See H. M. McLuhan, The Medium is the Message (1967); E. W. Brody, Communication Tomorrow (1990); M. M. Mirabits and B. L. Morgenstein, The New Communications Technologies (1990); W. Schweber, Electronic Communications Systems (1991).

Communication is the process of conveying information from a sender to a receiver with the use of a medium in which the communicated information is understood the same way by both sender and receiver.

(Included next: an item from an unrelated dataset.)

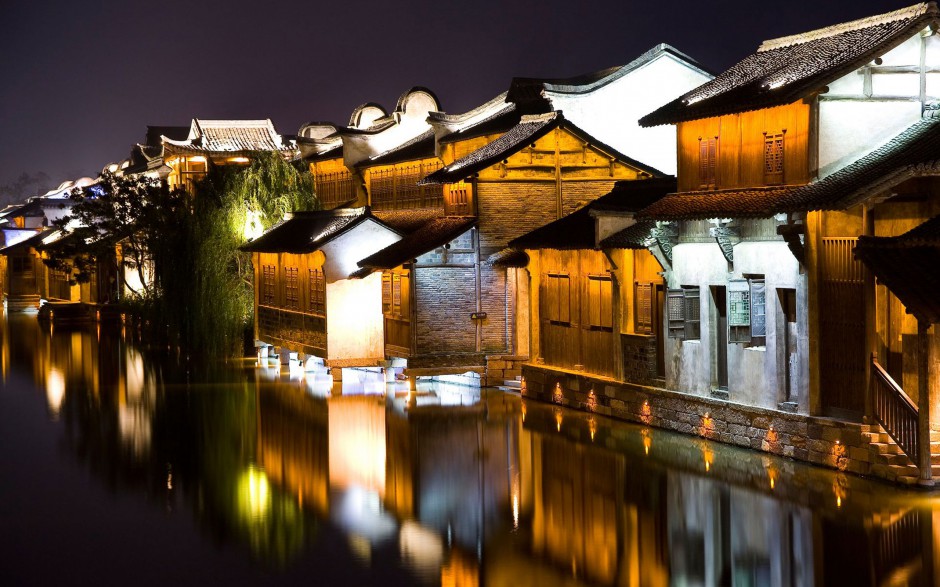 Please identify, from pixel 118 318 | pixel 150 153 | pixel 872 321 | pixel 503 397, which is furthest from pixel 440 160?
pixel 150 153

It is a process that allows organisms to exchange information by several methods. Communication requires that all parties understand a common language that is exchanged, There are auditory means, such as speaking, singing and sometimes tone of voice, and nonverbal, physical means, such as body language, sign language, paralanguage, touch, eye contact, or the use of writing. Communication is defined as a process by which we assign and convey meaning in an attempt to create shared understanding. This process requires a vast repertoire of skills in intrapersonal and interpersonal processing, listening, observing, speaking, questioning, analyzing, and evaluating. Use of these processes is developmental and transfers to all areas of life: home, school, community, work, and beyond. It is through communication that collaboration and cooperation occur. Communication is the articulation of sending a message, through different media whether it be verbal or nonverbal, so long as a being transmits a thought provoking idea, gesture, action, etc.

Communication happens at many levels (even for one single action), in many different ways, and for most beings, as well as certain machines. Several, if not all, fields of study dedicate a portion of attention to communication, so when speaking about communication it is very important to be sure about what aspects of communication one is speaking about. Definitions of communication range widely, some recognizing that animals can communicate with each other as well as human beings, and some are more narrow, only including human beings within the parameters of human symbolic interaction.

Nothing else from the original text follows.